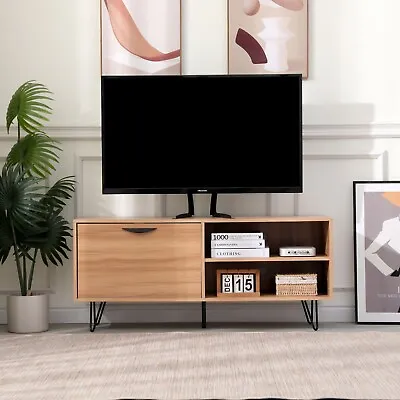 £49.99 • Buy Living Room Furniture Wooden Modern TV Cabinet TV Stand Metal Leg Media TV Unit 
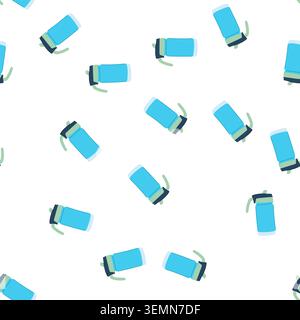 pattern hand thermos cup cartoon vector Stock Vector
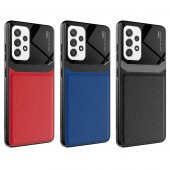 Galaxy A72 Kılıf Zore Emiks Deri Görünümlü Kılıf thumbnail 5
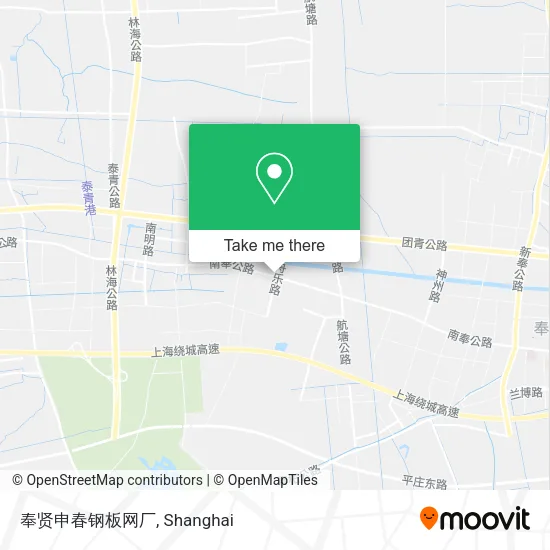 奉贤申春钢板网厂 map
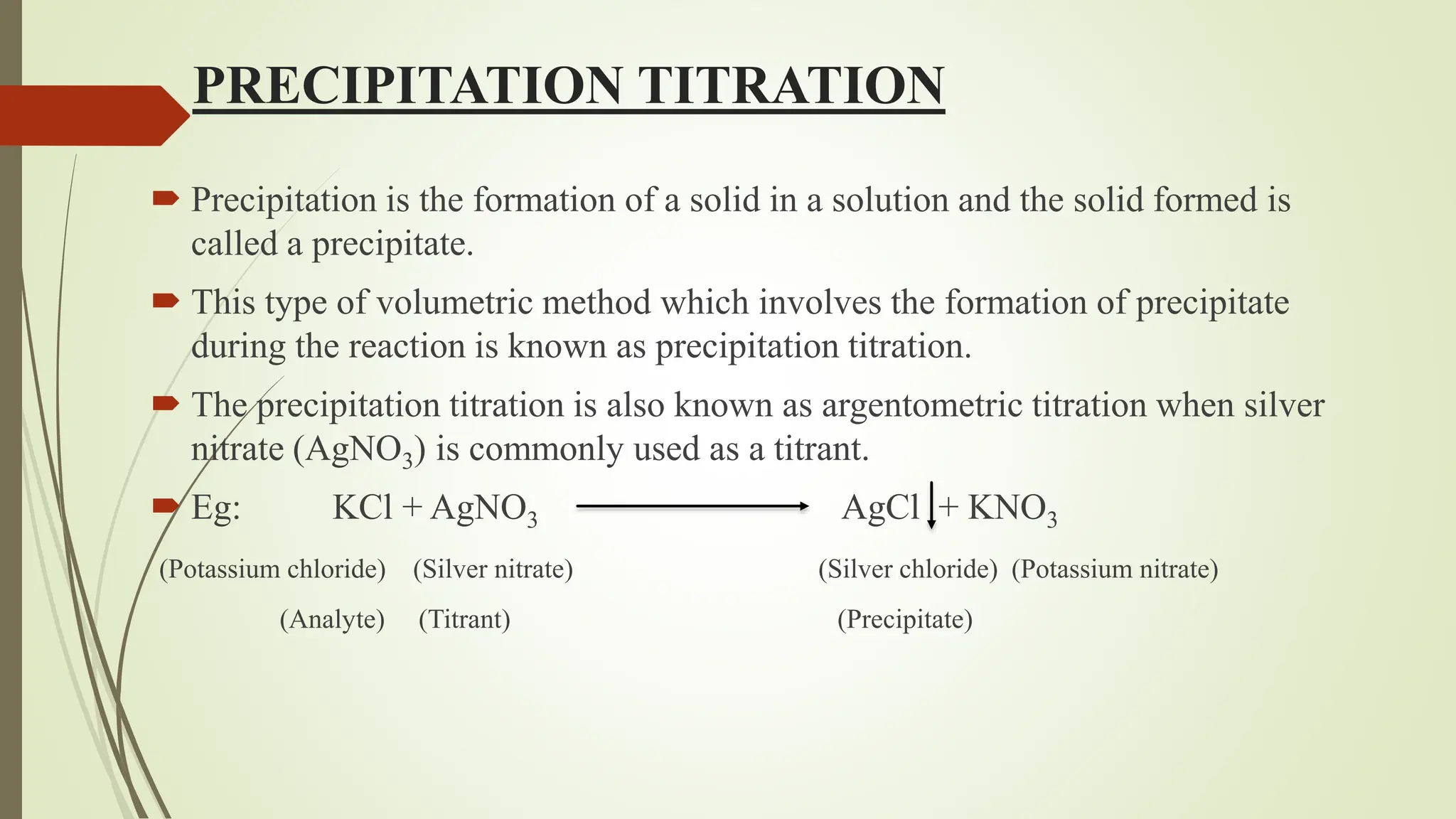 precipitation titration dpharm 1st year. PPT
▬▬▬▬▬▬
> **Activity**
Each entry should be transcribed exactly as given, with pictures omitted.

> **Output for this exercise**
 £49.99 • Buy Living Room Furniture Wooden Modern TV Cabinet TV Stand Metal Leg Media TV Unit 
 pattern hand thermos cup cartoon vector Stock Vector
 Galaxy A72 Kılıf Zore Emiks Deri Görünümlü Kılıf thumbnail 5
 奉贤申春钢板网厂 map
 precipitation titration dpharm 1st year. PPT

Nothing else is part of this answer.